Of course, a “normal” tenure will change based on the position, team, location, etc. If most of the team members are relatively new to the work world, they’ll probably look for a new job—either at the same company or elsewhere—fairly quickly. However, if you’re working with people at higher rungs on the ladder who have been in the workforce for a while, high turnover spells trouble.
4) What’s the last big project the team tackled? How did you get it done?

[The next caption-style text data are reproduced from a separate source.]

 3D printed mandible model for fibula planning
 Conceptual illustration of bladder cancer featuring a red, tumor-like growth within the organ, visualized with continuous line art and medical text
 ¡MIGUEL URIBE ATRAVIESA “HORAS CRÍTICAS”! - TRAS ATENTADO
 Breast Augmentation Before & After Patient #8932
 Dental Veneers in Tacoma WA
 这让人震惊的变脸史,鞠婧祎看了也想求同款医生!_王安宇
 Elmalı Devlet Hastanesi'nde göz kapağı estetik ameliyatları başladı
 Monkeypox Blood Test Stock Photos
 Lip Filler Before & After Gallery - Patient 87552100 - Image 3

This question is helpful for a few reasons. It’ll give you an inside look into the type of work you might be doing and how you’ll be collaborating with your coworkers. It will also tell you the hiring manager’s approach to important projects. Was the team successful because they pulled several late nights in the final stretch? Did the team lead come up with a detailed plan with mini-timelines to make sure they were on track from beginning to end? You’ll get a sense of the problem-solving methods the team uses and whether they’re compatible with your own.
5) Where could the team be stronger?
The most important part about your interviewer’s answer is how honest they’re willing to be. Just like they want you to give an authentic response to the “biggest weakness” question, you’re looking for a genuine answer. Every team is lacking in something—usually a few things—so if they say, “We’re strong across the board,” or “I can’t think of any area where we’re missing anything—you know they’re either unaware of their team’s weaknesses (never a great sign) or aren’t being fully transparent.
It’s good when a real answer is provided. It’s even better if the weakness happens to match up with one of your strengths. For instance, perhaps the interviewer says, “It’s a really formidable team, but we don’t have anyone who’s skilled at documenting our processes and results and making sure we can scale what we’re doing.”
You, on the other hand, happen to be highly organized, and happy to write documentation to boot. That gives you powerful ammo later in the interview when you inevitably get the question “Why should we hire you?” or “What makes you a good fit?”
If you can, try to ask every hiring manager the same questions. This lets you compare their answers and figure out which company or position is the closest to what you’re looking for. And to make sure you don’t forget who said what, write down your impressions and any important moments as soon as you can after the interview ends. Reviewing these notes will be incredibly helpful during the decision-making process.
The final (and most important) takeaway: You have power during this process; after all, you deserve to find the right fit. Feel empowered to ask the questions that are important to you.